O filme apresenta raras imagens, como o contato do diretor com a sua filha quase recém nascida, Lula, além de imagens inéditas da sua infância, seus pais, irmãos, um belo material de arquivo.

Através da sua fala, que não é vista, apenas ouvida, temos acesso às inseguranças de Lynch, conhecemos melhor aquela figura que já chegou a amedrontar o seu pai quando este viu que aquele guardava frutas e animais apodrecidos no porão para entender como funcionavam as suas decomposições pensando que isso o traria ideias para os seus quadros (numa sequência bem humorada, mas melancólica). Vemos também como inesperadamente conseguiu uma bolsa de estudos de cinema, e o quanto isso mudou a sua vida; de que maneira ele pensou os seus primeiros curtas; e como os seus pesadelos criaram fortes imagens e sensações que o marcaram por toda a vida.

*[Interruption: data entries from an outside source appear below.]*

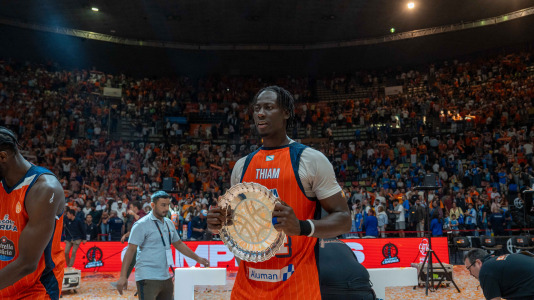 La plantilla naranja disfrutó del ascenso por todo lo alto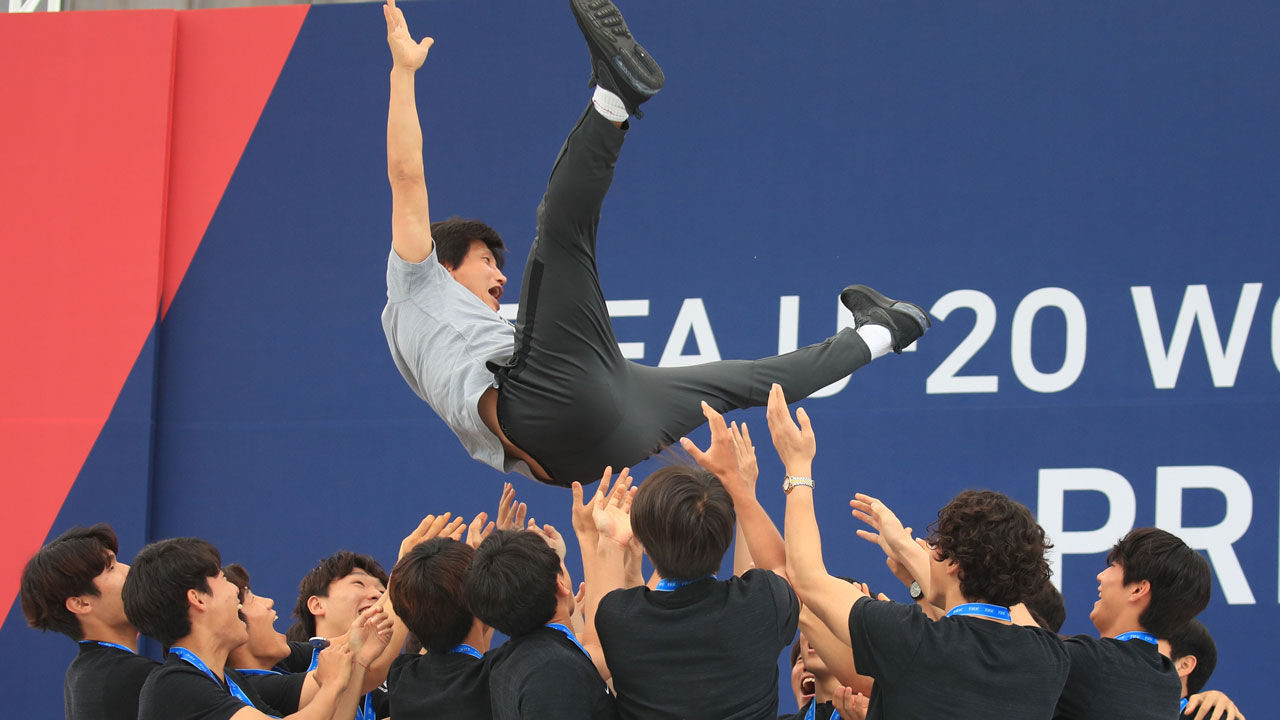 U-20 월드컵 태극전사들의 유쾌한 환영식…'즉석 헹가래'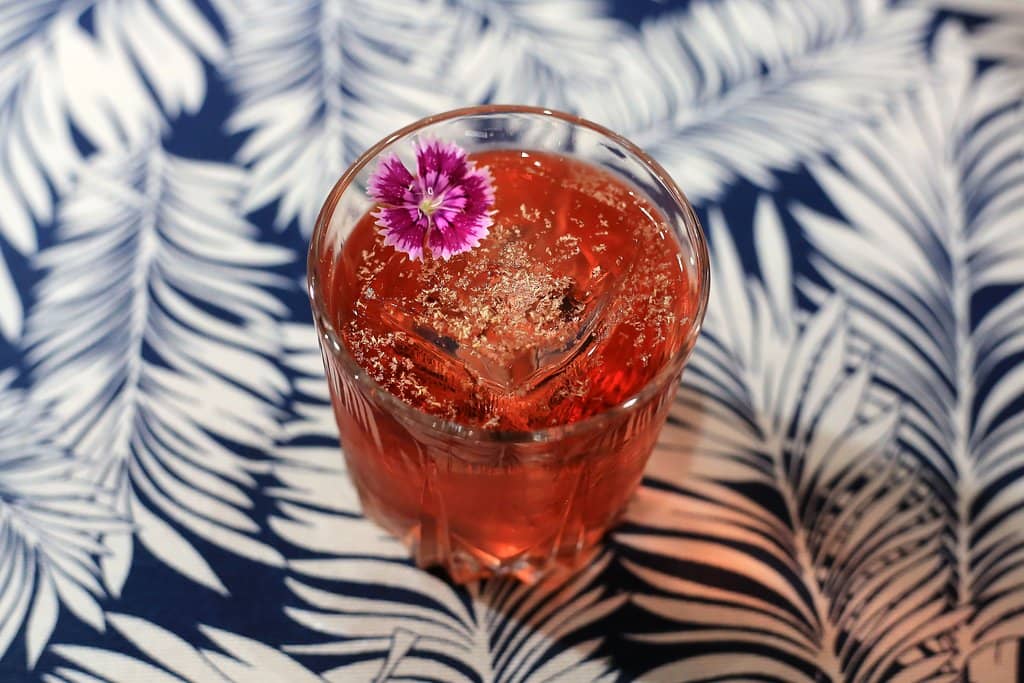 Insta-Worthy Tropical Ambiance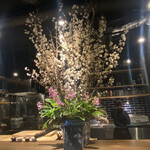 肉基地 黒貴 - 今月のカウンター花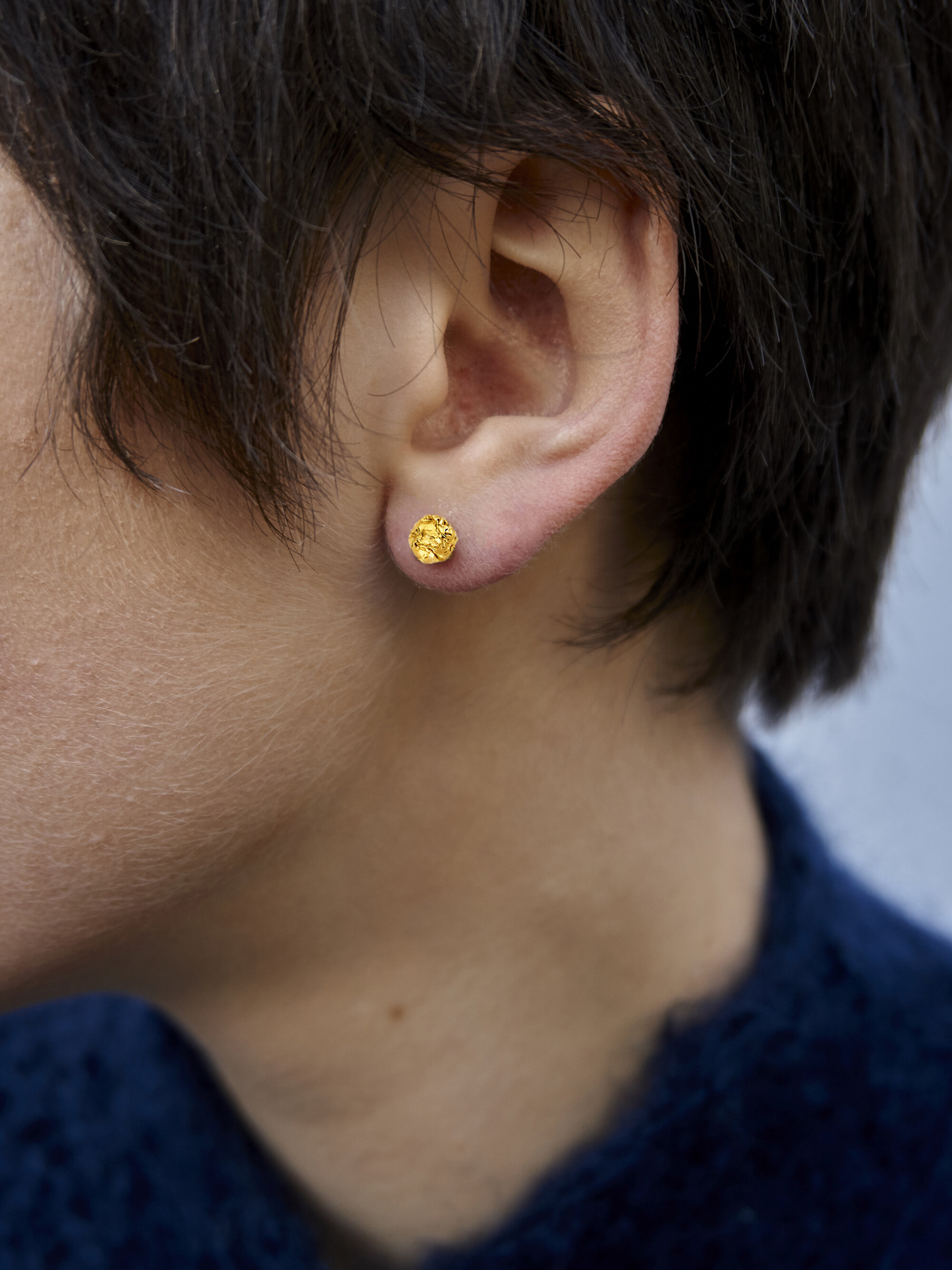 Pure Gold ear pins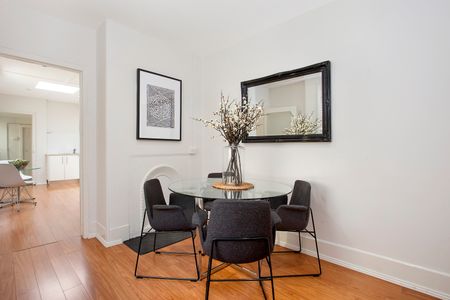 One Bedroom House with Parking - Photo 3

Mas ao mesmo tempo é inegável o sentimento de frustração que o filme desperta. Na essência, não há nenhum problema na abordagem escolhida pelos diretores. Certamente ela traz informações preciosas, que não seriam conseguidas se o estilo utilizado fosse outro. Mas o filme traz uma sensação surpreendente de fastio. O que chega a ser um absurdo, visto que o personagem principal pode ser tudo, menos tedioso.

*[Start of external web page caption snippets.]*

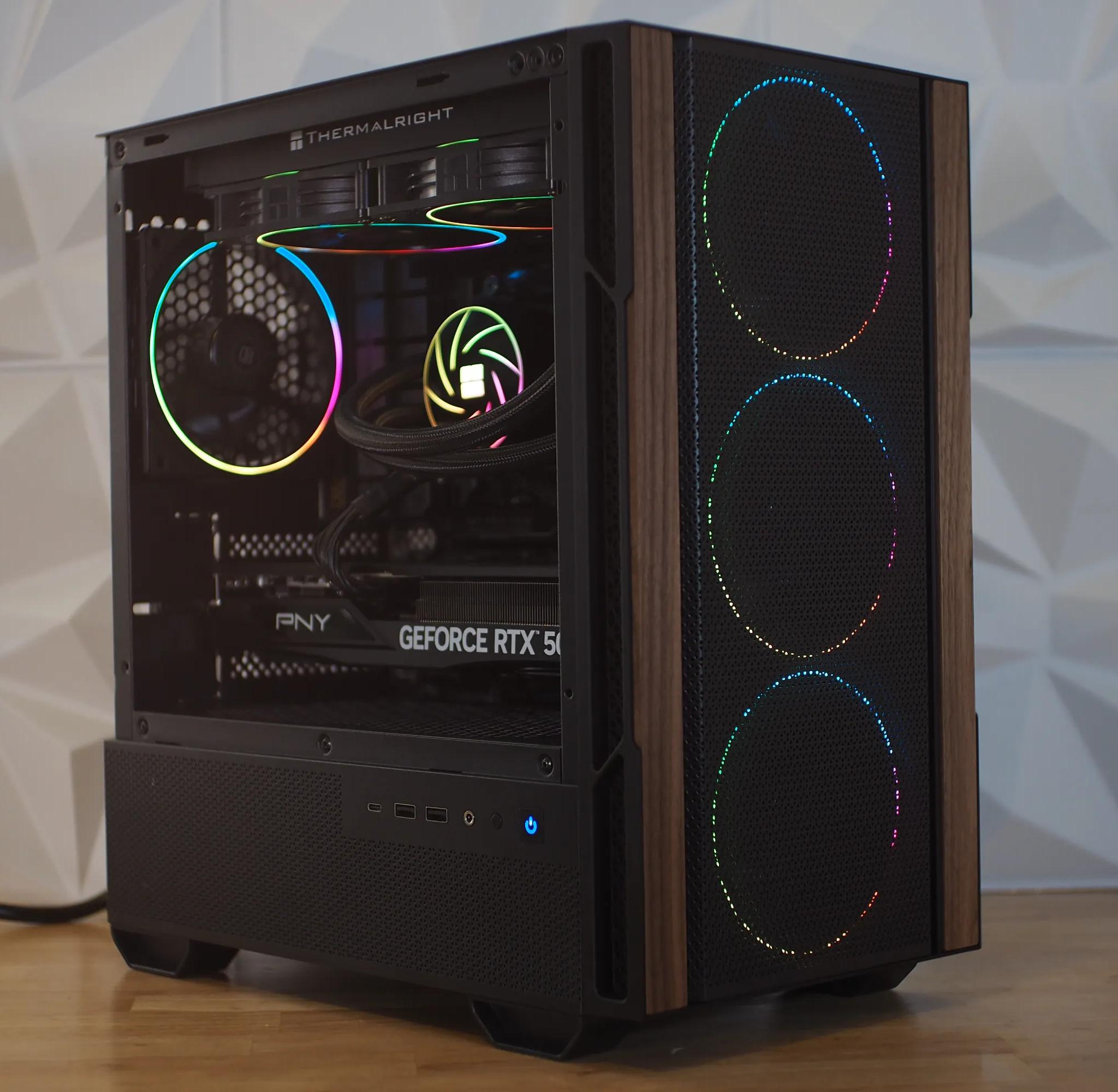 The Signature -  5070 12gb | AM5 | 32gb DDR5 | 2tb SSD | WIFI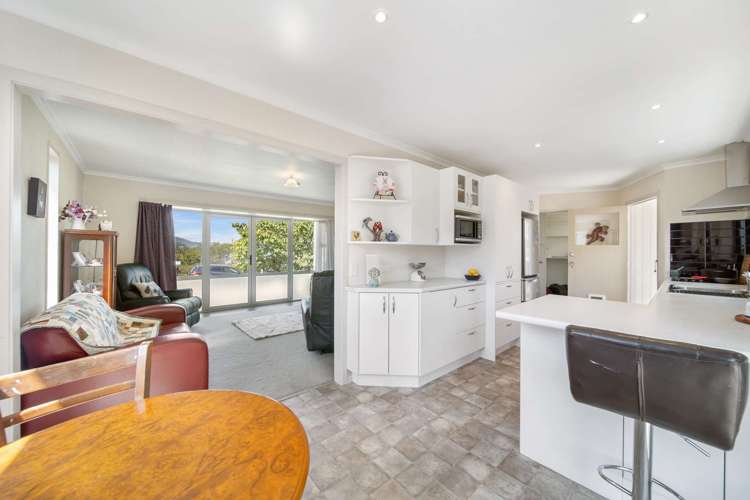4 Kaira Street Sawyers Bay_1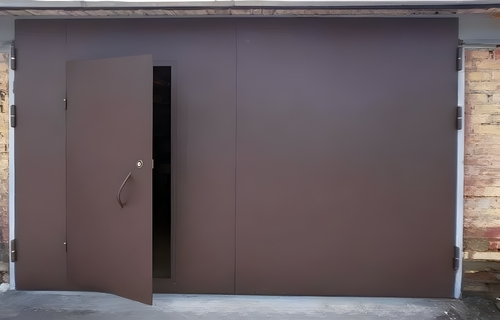 Металлические ворота с калиткой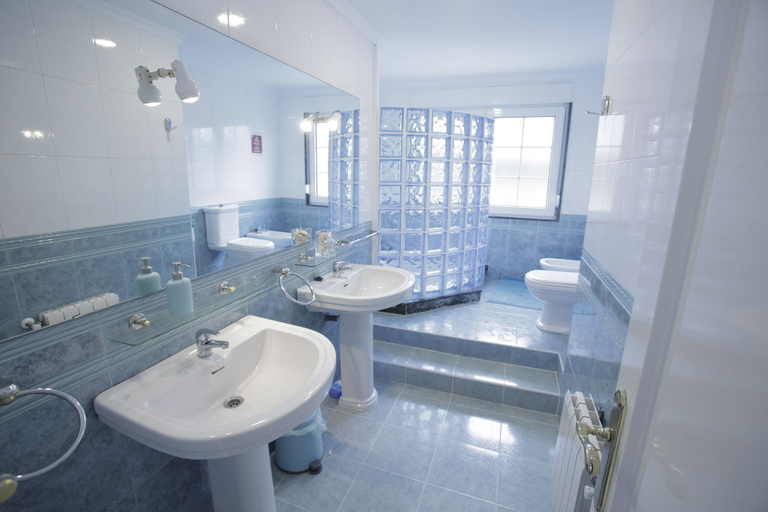 Bathroom 4, Gijon Surf Hostel, Asturias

A direção até tenta criar situações mais envolventes, ao elaborar sequências com imagens perturbadoras das pinturas, que de fato possuem um interessante potencial sensorial, somadas a uma trilha de suspense. Aqui e ali, estes artifícios conseguem o seu objetivo, mas ainda assim soam como intrusos, não se conectam ao restante do filme, parece que foram colocados ali sem que um conceito maior estivesse por trás da ideia. As imagens acumulam-se sem criar significado, parecem ter sido colocadas apenas para ocupar a tela de maneira estilosa.

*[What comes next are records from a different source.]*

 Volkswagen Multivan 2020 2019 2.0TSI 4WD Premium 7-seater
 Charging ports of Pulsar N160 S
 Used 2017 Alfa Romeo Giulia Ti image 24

Por mais interessante que seja ouvir o diretor falando sobre os acontecimentos importantes da sua vida, o documentário carece de melhor ritmo, de imagens, de uma concepção visual mais criativa. Mesmo tendo apenas 90 minutos, o filme se arrasta, passa incomodamente devagar.

A sensação de frustração fica ainda mais forte quando, ao final do filme, ouvimos o diretor falando sobre Eraserhead. Chega a emocionar ver a maneira como Lynch fala deste trabalho, o carinho que sente. Demorou anos para que finalizasse, mas neste filme ele pode decidir cada detalhe, e se orgulha de cada quadro, que o considera lindo.

Anos depois, o diretor entrou na indústria, e se viu tendo problemas com produtores, estúdios, que tolhiam a sua criatividade, e impunham um estilo comum, pasteurizado, que o desiludiu, e o afastou de lá.

Até entendo a ideia de mostrar esta figura vivendo um cotidiano banal, conversando de maneira descompromissada sobre histórias passadas. Vejo valor na proposta. Mas não como proposta única. Um artista tão diferenciado como Lynch possui mais camadas, que o filme não parece capaz de acessar. Possui bons momentos, mas passa longe de ser uma obra a altura do seu protagonista.